A la date du 31 janvier 2013, 36 déclarations supplémentaires ont été enregistrées dans la base nationale de pharmacovigilance. Elles ont été répertoriées, en utilisant une requête portant sur les événements  thrombotiques et emboliques artériels et veineux  chez des femmes de moins de 50 ans, exposées à une contraception orale combinée oestroprogestative de 1ère , 2ème , 3ème  ou 4ème  génération et après exclusion des cas de décès.

Parmi ces 36 cas, 31 événements étaient des thromboses veineuses et 5 des thromboses artérielles.

Cinq cas de thromboses ont été notifiés chez des femmes prenant une COC 2G, 24 sont survenus sous contraception par des COC 3G et 7 avec des COC 4G.

Le tableau ci-dessous résume les caractéristiques de ces thrombo-embolies, par génération de contraceptifs

Evénements (N) COC 2G COC 3G COC 4G
EP 2 16 2
TVP 1 2 3
TVC 1 1 0
TV autre 1 1 1
IDM 0 0 1
AVC 0 1 0
AIT 0 2 0
Thromb. artérielle autre 0 1 0
Age moyen (min;max) années 27,4 (17;43) 33,6 (16;46) 35,6 (19;49)

AIT : accident ischémique transitoire ; AVC : accident vasculaire cérébral ; IDM : infarctus du myocarde
TVP : thrombose veineuse profonde ; TVC : thrombose veineuse cérébrale ; TV : thrombose veineuse
EP : embolie pulmonaire

Parmi ces 36 notifications récentes, le délai entre la survenue de l’épisode thrombotique et la notification était inférieur ou égal à 3 mois dans 21 cas, compris entre 3 et 12 mois dans 9 cas et supérieur à un an dans 6 cas.

Les facteurs de risque associés à la survenue de ces thromboses ne sont pas analysables de façon fiable, car ils n’ont été rapportés que dans moins d’un tiers des cas.

 

Conclusion

Ce bilan est un point d’étape qui initie la diffusion mensuelle des notifications d’événements thrombotiques veineux et artériels qui seront réalisées à partir des données de la base nationale de pharmacovigilance.

 Les premières conclusions que l’on peut en tirer sont qu’entre 1985 et 2012 (28 ans), 567 déclarations ont été notifiées, soit une moyenne d’environ 20 cas par an, pour les  COC de 2ème, 3ème et 4ème générations.
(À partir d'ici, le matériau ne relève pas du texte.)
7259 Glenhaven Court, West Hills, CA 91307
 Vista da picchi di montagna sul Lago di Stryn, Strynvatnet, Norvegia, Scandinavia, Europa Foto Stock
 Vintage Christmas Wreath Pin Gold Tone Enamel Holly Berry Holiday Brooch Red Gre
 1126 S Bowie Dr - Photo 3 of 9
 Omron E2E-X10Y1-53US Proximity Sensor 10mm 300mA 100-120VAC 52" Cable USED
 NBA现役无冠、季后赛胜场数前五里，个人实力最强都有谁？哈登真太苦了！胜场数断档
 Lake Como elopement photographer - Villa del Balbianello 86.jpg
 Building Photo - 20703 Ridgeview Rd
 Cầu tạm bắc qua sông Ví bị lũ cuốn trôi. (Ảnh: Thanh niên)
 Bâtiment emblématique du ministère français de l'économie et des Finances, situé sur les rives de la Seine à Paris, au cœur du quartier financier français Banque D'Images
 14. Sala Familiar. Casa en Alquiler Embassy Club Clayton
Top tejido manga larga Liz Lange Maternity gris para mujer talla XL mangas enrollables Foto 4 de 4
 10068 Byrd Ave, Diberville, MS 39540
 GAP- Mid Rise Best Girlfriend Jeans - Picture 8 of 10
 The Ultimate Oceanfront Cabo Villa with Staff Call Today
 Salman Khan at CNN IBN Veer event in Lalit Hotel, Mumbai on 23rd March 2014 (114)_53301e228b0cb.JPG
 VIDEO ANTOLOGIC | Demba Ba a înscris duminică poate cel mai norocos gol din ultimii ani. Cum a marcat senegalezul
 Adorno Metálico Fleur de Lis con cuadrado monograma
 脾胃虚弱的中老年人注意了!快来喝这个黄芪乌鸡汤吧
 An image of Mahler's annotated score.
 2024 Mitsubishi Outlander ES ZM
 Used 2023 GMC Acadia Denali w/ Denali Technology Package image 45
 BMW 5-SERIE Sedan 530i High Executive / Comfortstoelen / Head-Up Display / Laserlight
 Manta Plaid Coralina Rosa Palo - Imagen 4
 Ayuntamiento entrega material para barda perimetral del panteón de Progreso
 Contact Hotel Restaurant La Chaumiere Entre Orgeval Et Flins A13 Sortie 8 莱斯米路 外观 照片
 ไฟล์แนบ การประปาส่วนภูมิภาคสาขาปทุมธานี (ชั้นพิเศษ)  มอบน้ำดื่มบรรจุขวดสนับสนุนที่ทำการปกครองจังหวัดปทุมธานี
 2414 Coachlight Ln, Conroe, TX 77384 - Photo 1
 L’analyse du mois de janvier 2013 fait apparaître une notification plus importante, avec 36 cas rapportés, dont 21 peuvent être considérés comme de "nouveaux cas incidents notifiés", le délai entre l’événement et la notification à un centre régional de pharmacovigilance étant inférieur à 3 mois. Nous nous attacherons au cours des prochains rapports mensuels de surveillance à dissocier ces nouveaux cas incidents notifiés des nouveaux cas liés aux recueils rétrospectifs de déclarations.